Legitimar o samba implicou em definir o papel do negro na sociedade brasileira e das
suas memórias. E, da mesma forma como acontece em relação à população negra, o
samba foi exaltado em alguns momentos e desvalorizado em outros.
Desde o final dos anos 90, venho investigando a cultura negra carioca, com destaque
especial para a música, por meio das lentes da história e da etnomusicologia.
Entendendo que o samba é pensado como representante da identidade brasileira,
entendo ser insatisfatória a quantidade de pesquisas sobre a temática. Indo um pouco
além, o samba, a música da diáspora africana no Rio de Janeiro, ainda não é um tema
valorizado dentro do espaço acadêmico.
Em uma busca rápida, pelo banco de teses da Capes e pelo Scielo, iremos encontrar
trabalhos que majoritariamente se restringem à análises de letras de música e ao desfile
de carnaval. No campo jornalístico, entretanto, encontramos uma considerável produção
de livros, principalmente no campo das biografias. Mas raros são os estudos, tanto na
área da musicologia, quanto na história, que problematizem de forma relacional
racismo, samba, identidade nacional e o mito da democracia racial. De uma forma geral,
o samba é compreendido como a música de todo brasileiro e apresentado em diversas
pesquisas um símbolo mestiçagem e da harmonia.
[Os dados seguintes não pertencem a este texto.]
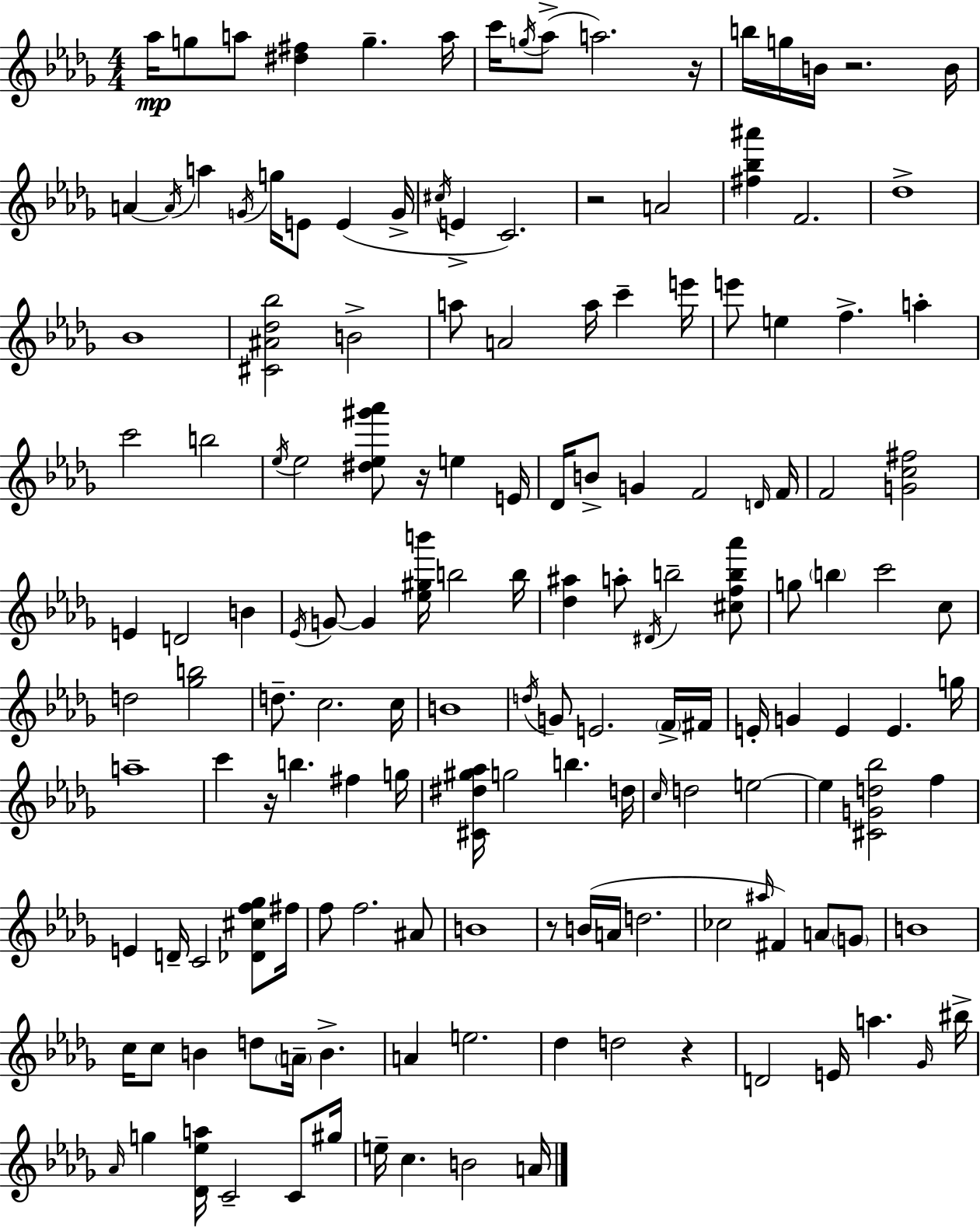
{
  \clef treble
  \numericTimeSignature
  \time 4/4
  \key bes \minor
  aes''16\mp g''8 a''8 <dis'' fis''>4 g''4.-- a''16 | c'''16 \acciaccatura { g''16 }( aes''8-> a''2.) | r16 b''16 g''16 b'16 r2. | b'16 a'4~~ \acciaccatura { a'16 } a''4 \acciaccatura { g'16 } g''16 e'8 e'4( | \break g'16-> \acciaccatura { cis''16 } e'4-> c'2.) | r2 a'2 | <fis'' bes'' ais'''>4 f'2. | des''1-> | \break bes'1 | <cis' ais' des'' bes''>2 b'2-> | a''8 a'2 a''16 c'''4-- | e'''16 e'''8 e''4 f''4.-> | \break a''4-. c'''2 b''2 | \acciaccatura { ees''16 } ees''2 <dis'' ees'' gis''' aes'''>8 r16 | e''4 e'16 des'16 b'8-> g'4 f'2 | \grace { d'16 } f'16 f'2 <g' c'' fis''>2 | \break e'4 d'2 | b'4 \acciaccatura { ees'16 } g'8~~ g'4 <ees'' gis'' b'''>16 b''2 | b''16 <des'' ais''>4 a''8-. \acciaccatura { dis'16 } b''2-- | <cis'' f'' b'' aes'''>8 g''8 \parenthesize b''4 c'''2 | \break c''8 d''2 | <ges'' b''>2 d''8.-- c''2. | c''16 b'1 | \acciaccatura { d''16 } g'8 e'2. | \break \parenthesize f'16-> fis'16 e'16-. g'4 e'4 | e'4. g''16 a''1-- | c'''4 r16 b''4. | fis''4 g''16 <cis' dis'' gis'' aes''>16 g''2 | \break b''4. d''16 \grace { c''16 } d''2 | e''2~~ e''4 <cis' g' d'' bes''>2 | f''4 e'4 d'16-- c'2 | <des' cis'' f'' ges''>8 fis''16 f''8 f''2. | \break ais'8 b'1 | r8 b'16( a'16 d''2. | ces''2 | \grace { ais''16 }) fis'4 a'8 \parenthesize g'8 b'1 | \break c''16 c''8 b'4 | d''8 \parenthesize a'16-- b'4.-> a'4 e''2. | des''4 d''2 | r4 d'2 | \break e'16 a''4. \grace { ges'16 } bis''16-> \grace { aes'16 } g''4 | <des' ees'' a''>16 c'2-- c'8 gis''16 e''16-- c''4. | b'2 a'16 \bar "|."
}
Narrar a história do samba como resultado de uma perspectiva racista “científica”, faz
com que entendamos o samba como uma produção decadente dos moradores das favelas
cariocas (folclorizando-o), que não pode ser difundido nacionalmente. Por outro lado,
narrar a história do samba como resultado de uma perspectiva racista culturalista, faz
com que entendamos as vozes e corpos negros como que necessitados de um
refinamento para que pudessem assim ser incorporados à nascente indústria cultural nos
anos 20 e 30. E foi assim que o samba se tornou um produto passível de exportação,
cantado por cantores e cantoras que incorporaram/adaptaram técnicas do bel-canto
europeu as suas formas de cantar durante um período da história da música conhecido
como “a década de ouro do samba”, nos anos 30 e 40, do século passado. E, na maioria
das pesquisa acadêmicas, esta narrativa é realizada de uma forma descritiva, sem
nenhum tipo de questionamento. Como se o samba tivesse “evoluído” para se tornar
síntese da cultura brasileira: deixou de ser um símbolo étnico, parte do folclore, para se
tornar um gênero musical a partir da participação dos brancos e da classe média nos
seus processos de produção e difusão.
Ao se dar destaque à participação branca na história do samba ou ao se invisibilizar
tensões, apartamos os territórios das vozes e dos corpos cantantes. Damos destaque
apenas as vozes que apagaram suas diferenças e só foram promovidas por serem
consideradas Iguais. Assim, muitas das vozes que não se renderam à democracia racial
se tornaram memórias de um tempo perdido ou parte do folclore. De ambas as formas,
as vozes, corpos e ritmos da diáspora africana no Brasil foram marginalizados da
história do país.
Assim, este projeto buscará estimular no campo da história e da música, novos debates
sobre as relações raciais no Brasil, em uma tentativa de compreensão de como o
pensamento social brasileiro, baseado em teses culturalistas, contribuiu para construir
uma versão única sobre a história do samba (desconsiderando o racismo estrutural),
versão esta ainda hegemônica nas produções reconhecidas no campo das ciências
sociais e das humanidades.
O Samba:

No início do século XX, inúmeros ritmos eram ouvidos na cidade do Rio de Janeiro:
maxixe, tango, tango argentino, tango carnavalesco, toada sertaneja, batuque, embolada,
valsa, mazurca, xote, samba, samba carnavalesco, lundu, corta-jaca, marcha
carnavalesca, charleston, one step, fox-trot, rag-time, cateretê, samba-canção, choro,
choro-modinha, choro-canção, modinha, toada, marcha, marcha-rancho, dentre outros.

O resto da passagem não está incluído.